Dan, hari seperti ini identik dengan tiga hal: libur, upacara bendera, dan lomba-lomba khas tujuh belasan. Iya, kan?

Kalau masalah libur, wajarlah. Hari ini kan hari sakral bagi warga Indonesia. Hari ini kan musti diperingati dengan penuh kesungguhan, dan nggak mungkin itu terjadi kalau warga Indonesia harus bekerja atau sekolah di hari ini, kan? (Backsound: bilang aja pengen liburan)

Upacara juga, standar lah. Toh, waktu sekolah berseragam tuh setiap hari Senin kita harus ikut upacara bendera, kan? Dan, di hari sakral ini, seluruh instansi seolah berlomba-lomba mengadakan upacara bendera. Bahkan warga RT 01 RW 02 (which is my home) pun mengadakan upacara bendera di jalan depan rumah. Sempat diajak ikut upacaranya, sih. Tapi… malas ah. (:P)
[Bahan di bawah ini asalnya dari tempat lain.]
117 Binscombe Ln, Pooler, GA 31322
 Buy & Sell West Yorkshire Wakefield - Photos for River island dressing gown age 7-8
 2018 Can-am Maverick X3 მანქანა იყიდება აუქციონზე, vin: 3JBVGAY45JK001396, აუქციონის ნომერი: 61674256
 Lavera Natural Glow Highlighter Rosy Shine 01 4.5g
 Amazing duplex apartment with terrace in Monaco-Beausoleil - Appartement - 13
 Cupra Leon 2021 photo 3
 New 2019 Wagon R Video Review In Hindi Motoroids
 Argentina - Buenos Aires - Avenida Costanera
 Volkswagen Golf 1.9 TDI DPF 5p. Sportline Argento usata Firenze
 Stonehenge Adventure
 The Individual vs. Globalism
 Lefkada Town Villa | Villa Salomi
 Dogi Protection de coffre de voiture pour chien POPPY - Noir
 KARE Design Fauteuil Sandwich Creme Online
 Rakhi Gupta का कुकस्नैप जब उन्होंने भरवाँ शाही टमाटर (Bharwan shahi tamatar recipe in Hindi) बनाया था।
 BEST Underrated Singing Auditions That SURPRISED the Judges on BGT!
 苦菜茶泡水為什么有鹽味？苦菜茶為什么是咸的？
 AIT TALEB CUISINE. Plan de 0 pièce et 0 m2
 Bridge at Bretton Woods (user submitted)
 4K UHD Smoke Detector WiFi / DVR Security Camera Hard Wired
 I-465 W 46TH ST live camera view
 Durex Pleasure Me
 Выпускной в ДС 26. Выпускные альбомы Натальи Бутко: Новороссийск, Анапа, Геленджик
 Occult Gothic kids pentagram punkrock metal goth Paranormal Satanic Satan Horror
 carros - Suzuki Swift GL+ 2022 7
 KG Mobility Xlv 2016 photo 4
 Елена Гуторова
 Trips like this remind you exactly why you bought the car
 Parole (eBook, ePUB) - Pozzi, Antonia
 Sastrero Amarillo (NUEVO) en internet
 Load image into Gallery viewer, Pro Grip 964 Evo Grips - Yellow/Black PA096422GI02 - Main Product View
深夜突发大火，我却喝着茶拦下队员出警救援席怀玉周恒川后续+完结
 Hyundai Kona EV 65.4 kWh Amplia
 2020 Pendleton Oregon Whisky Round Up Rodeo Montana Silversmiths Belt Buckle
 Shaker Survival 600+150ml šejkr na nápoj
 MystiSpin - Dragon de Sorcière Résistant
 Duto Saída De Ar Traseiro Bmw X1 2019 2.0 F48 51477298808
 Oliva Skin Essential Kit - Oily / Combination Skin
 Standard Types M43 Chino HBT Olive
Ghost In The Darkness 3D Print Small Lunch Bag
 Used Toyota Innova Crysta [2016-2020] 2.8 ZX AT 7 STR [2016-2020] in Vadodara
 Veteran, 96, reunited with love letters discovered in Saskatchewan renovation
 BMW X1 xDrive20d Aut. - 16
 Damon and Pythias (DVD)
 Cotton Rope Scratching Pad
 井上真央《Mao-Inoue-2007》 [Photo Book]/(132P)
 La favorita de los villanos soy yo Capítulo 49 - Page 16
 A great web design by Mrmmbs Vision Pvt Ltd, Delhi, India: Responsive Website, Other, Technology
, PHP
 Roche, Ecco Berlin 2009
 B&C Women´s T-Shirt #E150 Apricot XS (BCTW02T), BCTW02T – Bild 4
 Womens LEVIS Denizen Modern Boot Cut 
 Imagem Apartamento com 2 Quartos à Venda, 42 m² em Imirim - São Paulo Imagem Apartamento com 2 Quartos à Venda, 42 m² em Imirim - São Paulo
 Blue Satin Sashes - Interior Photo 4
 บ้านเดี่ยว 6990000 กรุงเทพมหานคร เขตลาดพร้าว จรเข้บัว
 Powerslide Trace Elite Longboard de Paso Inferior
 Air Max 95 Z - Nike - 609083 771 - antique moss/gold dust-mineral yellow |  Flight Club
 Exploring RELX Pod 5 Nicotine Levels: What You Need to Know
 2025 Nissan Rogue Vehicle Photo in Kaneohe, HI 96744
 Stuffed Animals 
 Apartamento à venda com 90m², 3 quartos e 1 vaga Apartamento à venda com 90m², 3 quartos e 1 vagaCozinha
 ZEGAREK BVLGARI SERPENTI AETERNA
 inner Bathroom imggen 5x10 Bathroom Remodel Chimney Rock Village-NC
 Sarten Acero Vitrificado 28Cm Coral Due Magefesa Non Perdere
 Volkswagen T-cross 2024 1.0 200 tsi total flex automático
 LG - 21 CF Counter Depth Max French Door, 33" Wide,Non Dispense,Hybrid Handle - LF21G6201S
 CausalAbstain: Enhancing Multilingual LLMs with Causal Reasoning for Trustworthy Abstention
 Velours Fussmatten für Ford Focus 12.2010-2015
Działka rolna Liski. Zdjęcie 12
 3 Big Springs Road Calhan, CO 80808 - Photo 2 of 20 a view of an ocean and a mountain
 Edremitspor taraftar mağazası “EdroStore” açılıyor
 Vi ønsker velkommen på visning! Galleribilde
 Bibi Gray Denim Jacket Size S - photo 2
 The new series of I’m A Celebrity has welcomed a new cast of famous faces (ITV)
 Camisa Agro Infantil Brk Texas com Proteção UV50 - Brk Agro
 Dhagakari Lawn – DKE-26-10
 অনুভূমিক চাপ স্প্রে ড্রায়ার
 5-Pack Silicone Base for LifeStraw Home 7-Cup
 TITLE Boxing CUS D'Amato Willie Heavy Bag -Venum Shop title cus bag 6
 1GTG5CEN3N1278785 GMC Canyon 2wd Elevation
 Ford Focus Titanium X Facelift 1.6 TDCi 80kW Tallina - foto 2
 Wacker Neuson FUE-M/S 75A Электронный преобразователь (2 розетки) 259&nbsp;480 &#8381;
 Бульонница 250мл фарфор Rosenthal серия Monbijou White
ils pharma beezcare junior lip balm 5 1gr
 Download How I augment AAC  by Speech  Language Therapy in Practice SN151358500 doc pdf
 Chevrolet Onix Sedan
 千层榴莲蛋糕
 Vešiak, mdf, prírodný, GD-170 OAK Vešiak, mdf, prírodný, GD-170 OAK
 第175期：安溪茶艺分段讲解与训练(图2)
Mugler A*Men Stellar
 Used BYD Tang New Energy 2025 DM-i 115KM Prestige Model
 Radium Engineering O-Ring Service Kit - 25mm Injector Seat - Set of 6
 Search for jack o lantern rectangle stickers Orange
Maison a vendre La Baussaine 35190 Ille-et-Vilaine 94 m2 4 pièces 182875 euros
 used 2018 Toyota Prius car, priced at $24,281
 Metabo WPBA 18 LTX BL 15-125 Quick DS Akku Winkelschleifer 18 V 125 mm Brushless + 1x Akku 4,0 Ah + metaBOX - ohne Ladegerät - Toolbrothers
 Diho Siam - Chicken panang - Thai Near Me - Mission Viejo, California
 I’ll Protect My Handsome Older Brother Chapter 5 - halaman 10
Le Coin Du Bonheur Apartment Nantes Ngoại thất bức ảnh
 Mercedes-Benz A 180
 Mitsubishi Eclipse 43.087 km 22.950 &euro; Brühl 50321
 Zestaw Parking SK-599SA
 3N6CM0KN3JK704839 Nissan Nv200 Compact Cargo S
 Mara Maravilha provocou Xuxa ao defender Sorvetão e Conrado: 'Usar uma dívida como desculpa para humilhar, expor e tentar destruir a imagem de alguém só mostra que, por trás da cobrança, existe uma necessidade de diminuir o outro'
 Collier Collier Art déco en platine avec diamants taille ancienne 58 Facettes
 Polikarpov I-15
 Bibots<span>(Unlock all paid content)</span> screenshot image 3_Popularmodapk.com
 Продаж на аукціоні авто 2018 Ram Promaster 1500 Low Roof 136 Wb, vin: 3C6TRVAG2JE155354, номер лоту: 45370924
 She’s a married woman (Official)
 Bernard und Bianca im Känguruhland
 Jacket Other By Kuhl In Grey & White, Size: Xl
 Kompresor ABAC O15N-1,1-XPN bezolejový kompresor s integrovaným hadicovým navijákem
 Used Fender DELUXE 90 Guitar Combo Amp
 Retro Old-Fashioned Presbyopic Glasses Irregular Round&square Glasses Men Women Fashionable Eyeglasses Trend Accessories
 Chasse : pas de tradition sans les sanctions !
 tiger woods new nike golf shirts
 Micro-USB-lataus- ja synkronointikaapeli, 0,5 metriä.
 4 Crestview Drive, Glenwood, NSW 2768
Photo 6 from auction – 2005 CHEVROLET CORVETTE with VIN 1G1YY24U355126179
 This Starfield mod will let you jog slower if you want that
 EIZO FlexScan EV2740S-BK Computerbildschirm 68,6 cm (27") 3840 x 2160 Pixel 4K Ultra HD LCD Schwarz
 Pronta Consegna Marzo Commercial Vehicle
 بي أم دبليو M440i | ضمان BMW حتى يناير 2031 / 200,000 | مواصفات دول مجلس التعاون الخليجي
Nah, yang ketiga ini yang bikin penasaran: lomba-lomba tujuh belasan. Walaupun sekarang ada lomba-lomba yang lebih “wajar” seperti lomba futsal dan lomba bulu tangkis, tetap saja aku penasaran sama lomba-lomba yang unik-unik dan khas-tujuh-belasan macam panjat pinang dan makan kerupuk. Kenapa harus lomba-lomba itu? Apa maknanya? Kenapa tata caanya harus seperti itu? Sumpah, aku penasaran banget. (Biasa, otak kelebihan nutrisi akibat dipakai tidur melulu pas liburan. Pas kuliah nanti, pasti nggak akan kepikiran hal kayak gini)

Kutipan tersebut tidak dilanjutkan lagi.